Jim Cramer breaks down how an S&P 500 climb could be followed by a ‘truly savage sell-off’
Investors may want to approach the market with caution, despite the three-day sell-off that hit Wall Street, according to analysis from a trusted source of Jim Cramer.
Carley Garner, technical analyst and co-founder of DeCarley Trading, is forecasting that more volatility could be on the horizon over the coming months.
“The recent sell-off could be a sign that this bull’s getting long in the tooth,” Cramer said Wednesday on CNBC’s “Mad Money.” “Garner’s betting that the S&P 500 can give you one last gasp higher from here, followed by a truly savage sell-off.”
The month of September is historically a bumpy month for stocks, and the election season may contribute to more uncertainty in the investment community. While there could be more upside in the S&P 500 after a roughly 2% pullback in the index, Garner sees a bumpy road ahead.
“I don’t know if she’s right, but that would be pretty par for the course for the historically hideous month of September,” Cramer said.
Looking at a monthly chart tracking the S&P 500 and Nasdaq-100, the indexes have rallied hard, “even factoring in their suboptimal performance over the past week,” he said.
From the beginning of July, the benchmark had rallied more than 15% to its peak close last Wednesday. The Nasdaq-100, which is composed of about 100 of the largest and most actively traded stocks in the tech-heavy Nasdaq Composite, had rallied 21% in that same time frame.
Because of the big gains in the indexes, Garner gets the impression that the market is dominated by momentum, Cramer added. If the S&P 500 can hold above a floor of support near 3,280 — another 3.5% decline from Wednesday’s close — the index has the potential to catch up to the Nasdaq-100’s gains in the short-run with a ceiling of resistance at 3,660 and another at 3,700, the host said.
Garner’s longer-term outlook is a different story. As the Nasdaq 100 made new highs, Garner points out that the relative strength indicator momentum indicator, or RSI, failed to make a new high, leaving the index vulnerable to a correction.

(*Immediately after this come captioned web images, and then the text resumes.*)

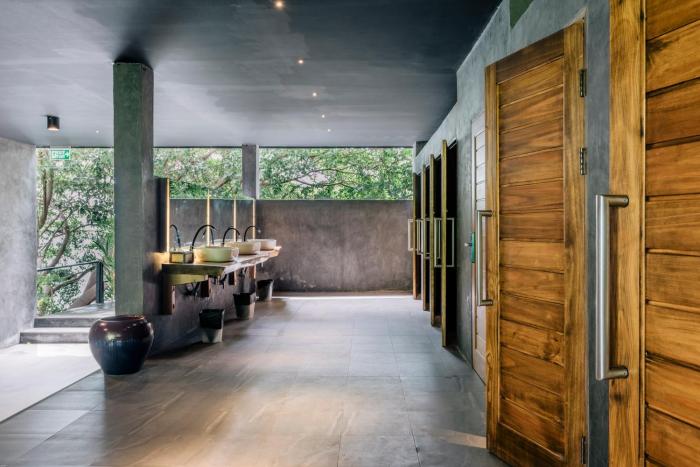 vikasa yoga retreat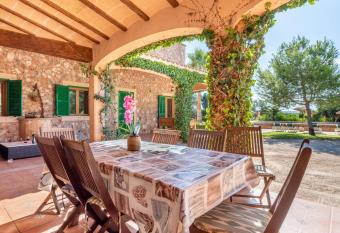 Els Girasols Winter has Balcony rooms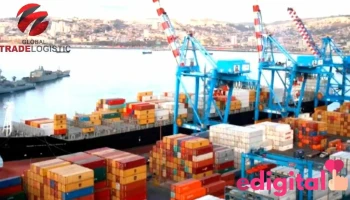 Global Tarde Logistic Perú Sac - Agencia de Aduana y Operador Logístico - Paita 20701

As for the S&P 500, the RSI peaked at 72 when the index peaked in February. The same indicator registered a 67 last week when the index topped out near 3,590 last Wednesday.
That’s a sign of froth for Garner.
“When the averages start making new highs, but this crucial momentum indicator can’t seem to break out, that’s a warning sign,” Cramer said. “It makes [Garner] wonder if we’re simply pulling forward gains that we’ll have to spend months digesting, like we did in 2018 and 2019.”